This open letter was sent to Senators Murray and Cantwell, Secretary Locke, and Representative Inslee. Please feel free to forward this to any other Senators or Representatives.
I chair the Alliance of Angels in Seattle. We are a not-for-profit group of over 60 individual and small institutions that invest in early stage startups in the Pacific Northwest and are one of the most active angel groups in country. In the last 3 years (2007-2009), we have invested $7.3M, $16M, and 17.5M in 44, 36, and 29 companies respectively. In almost all cases, we were the primary source of financing for these 109 new companies.

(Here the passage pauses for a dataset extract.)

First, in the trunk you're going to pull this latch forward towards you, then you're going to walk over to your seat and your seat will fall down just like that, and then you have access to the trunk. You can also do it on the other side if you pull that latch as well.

The Alliance of Angels has been widely recognized for the benefits it provides to the community, to startups, and for potential economic development these startups bring with their new and innovative products and services.
I believe that Sections Sec 412 and 413 (pages 380-381) and Sec 926 (pages 816-819) of Senator Dodd’s Financial Reform Bill will have a significant negative impact on Angel investing, and might even cause groups like ours to no longer be able to function. While I applaud many of the goals of Senator Dodd’s bill that lead to better visibility and accountability, the three sections cited will have many unintended and disastrous consequences. This cannot be allowed to proceed.

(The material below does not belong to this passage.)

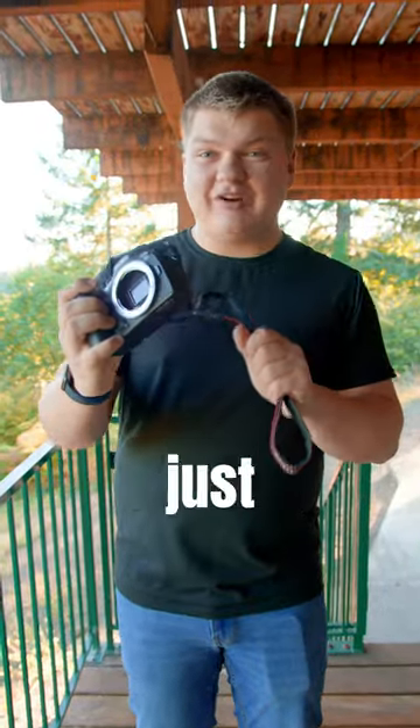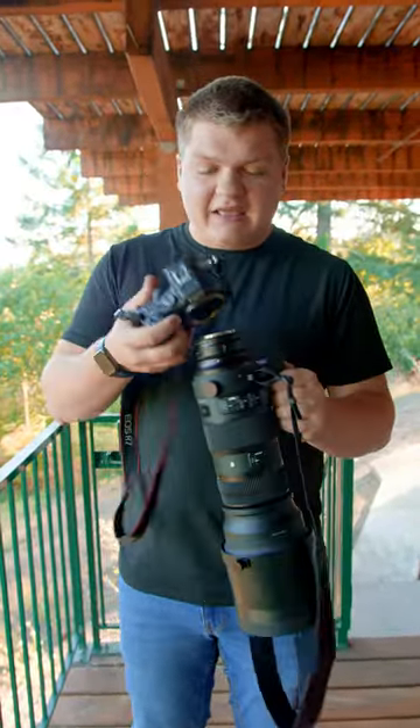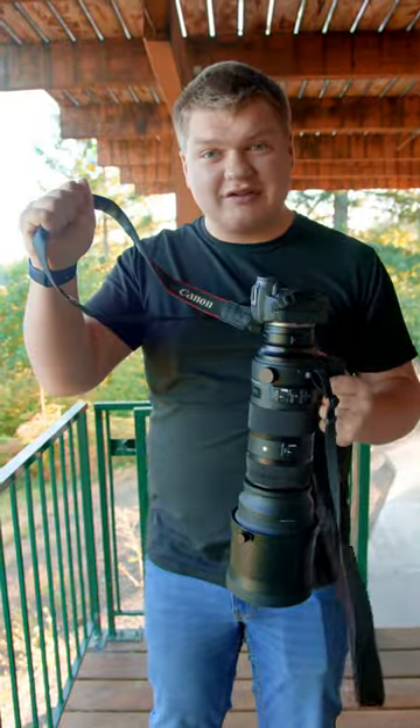Most photographers put their lens strap on their camera just like this, and that's completely fine. But when lenses get too big, like this one right here, the lenses actually have their own strap instead of the camera. That way, when you're holding it by the lens strap, it doesn't feel like it's going to fall off and break like it would if you hold it by the camera strap.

Section 926, entitled “Authority of State Regulators Over Regulation D Offerings” (pages 816-819) is the most problematic. Today, startup companies can raise money from “accredited investors” like the Alliance of Angels simply and easily. As a result, we have funded over 100 new, innovative, and high-growth companies. Senator Dodd’s bill will force these startups to have to make a filing with the SEC and the SEC will have 120 days to review the filing. And then, if the review doesn’t happen, the individual states could then apply regulation. Section 926 will replace an accepted and working system with one riddled with uncertainty and delay. For a startup, a 120+ day delay in financing is often a death sentence. From an investor point of view, many Angel investors, recognizing the increased risk of failure from this added costly and burdensome regulation, might make the difference between continuing support of the entire early-stage investment asset class.

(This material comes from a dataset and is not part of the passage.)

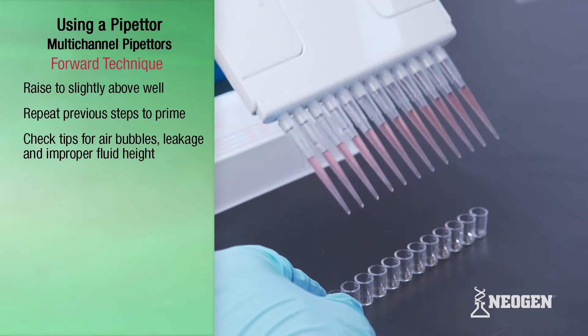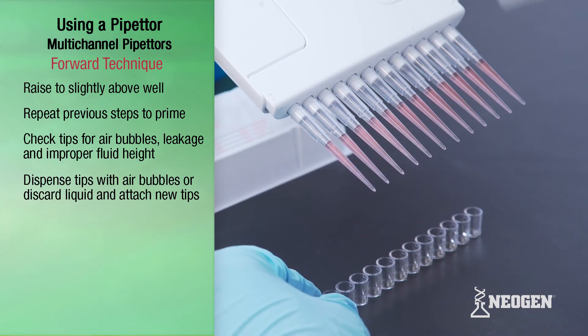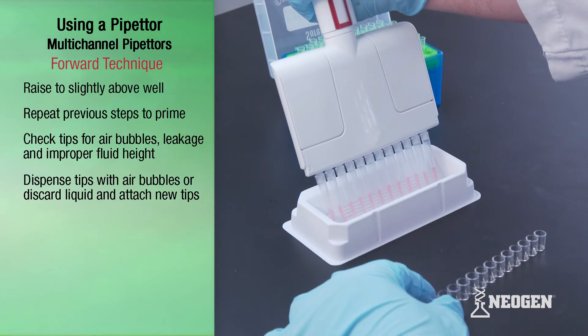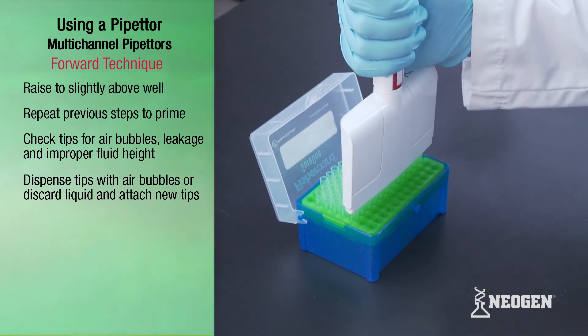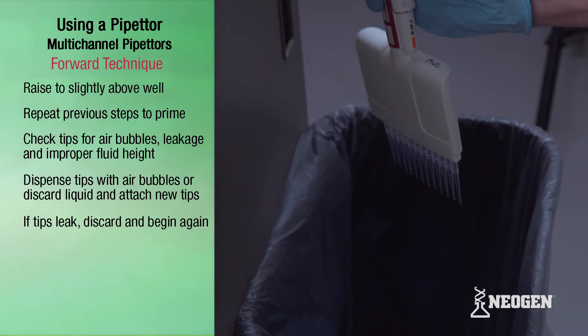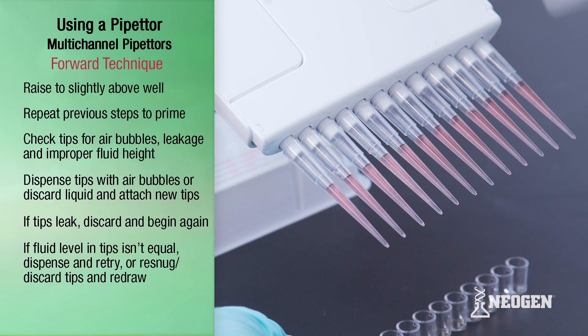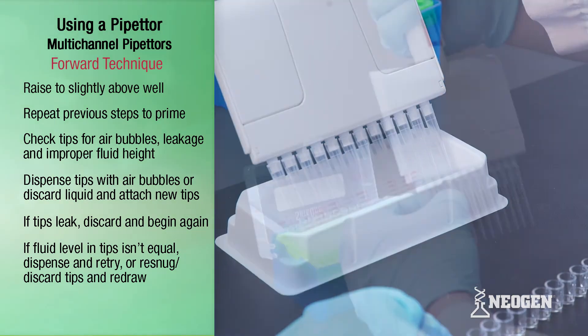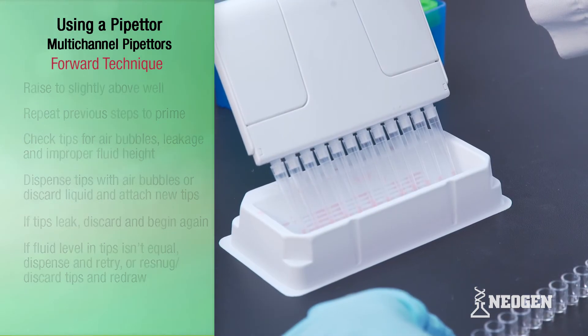Check the fluid in the tips for bubbles, leakage, and fluid height. If you see any air bubbles, dispense and redraw the liquid following the same procedure, or dispense the liquid and attach new tips. If tips are leaking, discard and begin again. If the liquid in the tips are not all at the same fluid height, dispense liquid back into the wells or reagent boats, re-snug or discard the tips, attach new ones, and redraw.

Furthermore, an added layer of state regulation over angel financing that currently works well will put a chill on angles syndicating deals across state lines. At this time such regulation is as unwise as it is unneeded. At the Alliance of Angels, we consider deals from across the Northwest (Washington, Oregon, Idaho, and Montana). If there is additional cost or restriction or time required, co-investment by angels in other state will be chilled. We need more angel investment, not less.
Lastly, Section 412 of the bill will change the definition of an “accredited investor,” adjusting this for inflation. Currently, and accredited investor must have net worth over $1 million or income over $200,000 ($300,000 for a couple) in the current year. People with this net worth or income are sophisticated financial investors. Do they need additional regulation to protect themselves from investing in startup companies?
According to Scott Shane, if you use a database on wealth from the IRS and calculate inflation based on information from the Bureau of Labor Statistics, the new thresholds for accredited investors would be $2.2 million in net worth, $450K in individual income ($775K in salaries for married couples). I believe that this will cripple groups like the Alliance of Angels and would cause a significant drop off in angel financing for startups.
In summary, “it’s not broke, so don’t fix it!” Angel investing in the United States has sufficient safeguards and does not need these provisions in Senator Dodd’s bill to make it safer. Instead, it will put a chill on the entire angel investing process, injecting uncertainty, excess costs and more risk. Please take whatever actions you can to make sure these provisions are eliminated from the bill.